Why Galileo underestimated the distance to the stars

airy-disc.jpg

“Galileo argued that with a good telescope one could measure the angular sizes of stars, and that the stars typically measured a few arc-seconds in diameter,” says Chris Graney at Jefferson Community College in Louisvile in good ol’ Kentucky.

That doesn’t sound right.  We know today that stars appear as point sources of light, so what was Galileo talking about?

Graney says that it looks increasingly likely that Galileo had developed an ingenious technique for measuring the angular size of distant objects. This allowed him, for example, to see that Jupiter’s apparent diameter became smaller as the distance between Earth and Jupiter increased.

So how did Galileo measure the angular size of stars?

The answer according to Graney is that Galileo must have been unknowingly measuring the diffraction pattern created by stars, the so-called airy disc that makes them seem to have an apparent diameter.

This was how he arrived at absurdly close estimates for their distance. For example, he thought that the brightest stars were about 360 astronomical units away, about an order of magnitude nearer than we think today.

Makes sense, I suppose. And since the wave mechanics necessary to understand diffraction wasn’t developed for two centuries after Galileo’s death, perhaps we should forgive him this one mistake.
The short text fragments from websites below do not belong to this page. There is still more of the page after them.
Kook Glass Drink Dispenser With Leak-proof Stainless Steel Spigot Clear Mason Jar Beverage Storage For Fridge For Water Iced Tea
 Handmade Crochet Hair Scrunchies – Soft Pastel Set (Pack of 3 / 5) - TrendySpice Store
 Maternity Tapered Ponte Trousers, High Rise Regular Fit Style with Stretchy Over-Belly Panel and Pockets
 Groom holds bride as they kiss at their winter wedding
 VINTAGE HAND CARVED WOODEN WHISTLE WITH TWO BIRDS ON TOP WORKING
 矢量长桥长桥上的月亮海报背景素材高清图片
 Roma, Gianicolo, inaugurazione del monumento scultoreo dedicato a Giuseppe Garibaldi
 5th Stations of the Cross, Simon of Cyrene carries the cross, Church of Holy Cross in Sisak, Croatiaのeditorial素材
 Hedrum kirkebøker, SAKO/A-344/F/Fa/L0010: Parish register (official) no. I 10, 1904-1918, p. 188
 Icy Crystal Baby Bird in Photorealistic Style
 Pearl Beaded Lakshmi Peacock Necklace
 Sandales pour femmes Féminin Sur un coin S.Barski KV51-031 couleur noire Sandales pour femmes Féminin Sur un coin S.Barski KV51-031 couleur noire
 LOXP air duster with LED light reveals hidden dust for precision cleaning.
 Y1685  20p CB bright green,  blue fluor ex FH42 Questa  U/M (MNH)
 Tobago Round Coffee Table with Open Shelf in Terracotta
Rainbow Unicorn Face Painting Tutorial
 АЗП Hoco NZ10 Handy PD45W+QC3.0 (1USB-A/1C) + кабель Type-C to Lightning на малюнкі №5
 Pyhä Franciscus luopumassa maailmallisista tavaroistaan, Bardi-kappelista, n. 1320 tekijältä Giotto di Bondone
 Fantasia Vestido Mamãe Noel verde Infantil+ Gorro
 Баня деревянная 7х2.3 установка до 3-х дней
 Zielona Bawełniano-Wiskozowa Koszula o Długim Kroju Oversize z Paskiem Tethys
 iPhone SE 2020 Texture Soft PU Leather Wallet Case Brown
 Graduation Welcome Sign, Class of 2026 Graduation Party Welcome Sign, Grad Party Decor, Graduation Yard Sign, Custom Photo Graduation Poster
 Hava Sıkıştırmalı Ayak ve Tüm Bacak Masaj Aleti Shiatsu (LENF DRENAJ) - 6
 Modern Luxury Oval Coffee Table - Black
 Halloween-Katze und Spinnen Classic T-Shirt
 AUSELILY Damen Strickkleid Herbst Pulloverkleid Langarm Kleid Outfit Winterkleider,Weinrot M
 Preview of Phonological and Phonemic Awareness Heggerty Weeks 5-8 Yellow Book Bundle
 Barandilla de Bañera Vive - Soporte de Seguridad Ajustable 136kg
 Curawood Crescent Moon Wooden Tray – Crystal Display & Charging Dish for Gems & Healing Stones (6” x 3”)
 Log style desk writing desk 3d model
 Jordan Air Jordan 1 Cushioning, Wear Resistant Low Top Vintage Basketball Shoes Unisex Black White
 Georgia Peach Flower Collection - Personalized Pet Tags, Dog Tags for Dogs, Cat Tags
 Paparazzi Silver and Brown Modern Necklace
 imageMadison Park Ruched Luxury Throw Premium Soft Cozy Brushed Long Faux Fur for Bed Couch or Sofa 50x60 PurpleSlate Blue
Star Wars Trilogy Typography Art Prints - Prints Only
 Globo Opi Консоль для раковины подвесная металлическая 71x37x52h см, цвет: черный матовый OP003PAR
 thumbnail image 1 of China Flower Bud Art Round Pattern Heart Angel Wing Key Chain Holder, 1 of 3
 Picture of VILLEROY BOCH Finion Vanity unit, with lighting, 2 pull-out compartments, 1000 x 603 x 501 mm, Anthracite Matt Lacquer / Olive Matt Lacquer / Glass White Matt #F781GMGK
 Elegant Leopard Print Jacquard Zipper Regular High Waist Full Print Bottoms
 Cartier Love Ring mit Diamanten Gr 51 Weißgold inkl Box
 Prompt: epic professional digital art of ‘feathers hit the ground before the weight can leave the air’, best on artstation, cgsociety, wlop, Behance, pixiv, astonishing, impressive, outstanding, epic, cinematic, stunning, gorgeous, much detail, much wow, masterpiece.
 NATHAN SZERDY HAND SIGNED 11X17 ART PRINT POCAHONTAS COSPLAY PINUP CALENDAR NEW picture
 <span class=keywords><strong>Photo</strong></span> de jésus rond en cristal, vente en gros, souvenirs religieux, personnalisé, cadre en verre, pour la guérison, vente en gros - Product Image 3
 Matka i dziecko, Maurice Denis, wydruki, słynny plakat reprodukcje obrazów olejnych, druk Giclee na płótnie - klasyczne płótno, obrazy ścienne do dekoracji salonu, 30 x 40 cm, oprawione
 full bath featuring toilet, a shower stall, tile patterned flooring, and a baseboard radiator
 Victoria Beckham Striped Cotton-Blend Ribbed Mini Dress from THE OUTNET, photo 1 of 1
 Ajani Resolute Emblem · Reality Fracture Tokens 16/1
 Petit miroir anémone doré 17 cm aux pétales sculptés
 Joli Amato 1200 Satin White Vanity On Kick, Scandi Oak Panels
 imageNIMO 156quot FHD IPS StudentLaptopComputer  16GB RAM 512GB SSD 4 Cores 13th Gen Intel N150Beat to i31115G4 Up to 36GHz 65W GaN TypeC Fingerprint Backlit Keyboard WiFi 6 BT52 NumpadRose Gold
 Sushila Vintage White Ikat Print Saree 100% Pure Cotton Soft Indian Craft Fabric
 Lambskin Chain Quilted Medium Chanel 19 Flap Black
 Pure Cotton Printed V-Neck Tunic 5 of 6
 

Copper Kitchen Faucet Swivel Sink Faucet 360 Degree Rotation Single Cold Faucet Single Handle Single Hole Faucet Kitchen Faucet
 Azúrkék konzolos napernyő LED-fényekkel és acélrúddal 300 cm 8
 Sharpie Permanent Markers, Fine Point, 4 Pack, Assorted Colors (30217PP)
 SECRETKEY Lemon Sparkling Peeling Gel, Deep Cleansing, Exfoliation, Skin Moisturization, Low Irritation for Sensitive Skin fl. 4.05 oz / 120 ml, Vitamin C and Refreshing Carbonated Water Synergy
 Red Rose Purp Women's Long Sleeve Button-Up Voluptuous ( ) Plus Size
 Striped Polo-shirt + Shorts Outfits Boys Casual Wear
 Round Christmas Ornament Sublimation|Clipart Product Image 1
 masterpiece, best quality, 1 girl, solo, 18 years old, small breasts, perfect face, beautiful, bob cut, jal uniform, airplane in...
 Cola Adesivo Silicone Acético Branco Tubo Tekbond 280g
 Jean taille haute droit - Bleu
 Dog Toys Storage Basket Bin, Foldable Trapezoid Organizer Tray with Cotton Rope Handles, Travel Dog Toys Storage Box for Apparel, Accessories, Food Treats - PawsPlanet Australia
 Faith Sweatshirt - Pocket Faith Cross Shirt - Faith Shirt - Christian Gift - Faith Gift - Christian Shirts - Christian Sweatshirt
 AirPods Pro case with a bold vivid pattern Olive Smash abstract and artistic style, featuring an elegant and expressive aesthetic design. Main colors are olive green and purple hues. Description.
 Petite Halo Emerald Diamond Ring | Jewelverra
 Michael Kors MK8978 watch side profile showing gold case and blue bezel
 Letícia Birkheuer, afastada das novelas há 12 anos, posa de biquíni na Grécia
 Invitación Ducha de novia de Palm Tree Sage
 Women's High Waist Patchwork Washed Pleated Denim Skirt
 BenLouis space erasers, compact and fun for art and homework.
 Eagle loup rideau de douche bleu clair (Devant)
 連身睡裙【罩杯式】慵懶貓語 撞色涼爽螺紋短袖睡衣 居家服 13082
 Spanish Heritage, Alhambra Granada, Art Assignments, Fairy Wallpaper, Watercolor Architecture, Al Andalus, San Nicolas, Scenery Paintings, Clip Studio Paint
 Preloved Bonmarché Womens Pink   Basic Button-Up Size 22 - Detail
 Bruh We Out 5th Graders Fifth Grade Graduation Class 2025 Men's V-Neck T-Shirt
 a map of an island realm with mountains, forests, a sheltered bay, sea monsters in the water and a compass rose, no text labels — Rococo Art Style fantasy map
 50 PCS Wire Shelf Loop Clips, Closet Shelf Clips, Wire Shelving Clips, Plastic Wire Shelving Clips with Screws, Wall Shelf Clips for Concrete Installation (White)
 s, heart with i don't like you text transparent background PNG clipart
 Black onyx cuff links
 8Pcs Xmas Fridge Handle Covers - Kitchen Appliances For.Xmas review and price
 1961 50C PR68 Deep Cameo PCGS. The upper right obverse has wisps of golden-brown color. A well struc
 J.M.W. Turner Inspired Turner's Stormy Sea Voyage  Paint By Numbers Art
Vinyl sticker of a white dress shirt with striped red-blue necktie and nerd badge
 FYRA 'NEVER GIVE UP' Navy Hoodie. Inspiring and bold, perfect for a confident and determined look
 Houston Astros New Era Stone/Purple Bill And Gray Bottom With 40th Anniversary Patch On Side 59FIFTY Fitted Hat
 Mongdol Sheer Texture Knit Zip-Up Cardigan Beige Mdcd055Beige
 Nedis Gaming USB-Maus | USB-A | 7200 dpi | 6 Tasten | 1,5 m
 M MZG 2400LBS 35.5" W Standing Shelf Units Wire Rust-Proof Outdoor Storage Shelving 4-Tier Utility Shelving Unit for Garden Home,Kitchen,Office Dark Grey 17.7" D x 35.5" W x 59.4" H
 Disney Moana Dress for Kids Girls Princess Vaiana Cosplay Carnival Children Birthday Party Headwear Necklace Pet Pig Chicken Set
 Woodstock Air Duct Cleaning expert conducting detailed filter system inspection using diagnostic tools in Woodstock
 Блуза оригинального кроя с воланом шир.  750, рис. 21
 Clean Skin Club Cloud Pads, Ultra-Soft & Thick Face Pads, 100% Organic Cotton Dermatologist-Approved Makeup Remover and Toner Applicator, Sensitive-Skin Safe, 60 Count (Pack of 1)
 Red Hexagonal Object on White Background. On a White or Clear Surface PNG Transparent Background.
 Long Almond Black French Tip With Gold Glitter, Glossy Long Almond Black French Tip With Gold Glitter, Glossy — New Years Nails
Ref: arxiv.org/abs/0808.3411: Objects in the Telescope are Further Than They Appear

3 Responses to “Why Galileo underestimated the distance to the stars”

  1. Christophe says:

    I disagree with the interpretation given in this preprint.
    Tycho Brahe was also measuring the radius of stars and he never used any telescope. As a consequence, diffraction by the aperture of a telescope cannot explain that Galileo, like Tycho Brahe, was not seeing stars like point sources of light. A more plausible explanation is that light is diffused both in the atmosphere and in the medium inside the eye. Nothing to do with diffraction.

  2. Zephir says:

    Some closest red giants appear like finite diameter disk in telescopes. The angular diameter of Betelgeuse was first measured in 1920–1921 by Michelson. The entire Betelgeuse image fit entirely within a 10×10 pixel area on the Hubble Space Telescopes Faint Object Camera.

  3. Andrew Higgins says:

    “This was how he arrived at absurdly close estimates for their distance. For example, he thought that the brightest stars were about 360 astronomical units away, about an order of magnitude nearer than we think today.”

    Distance to Alpha Centauri = 4.3 L.Y. = 270,000 A.U.

    So, he would have been off by **three** orders of magnitude.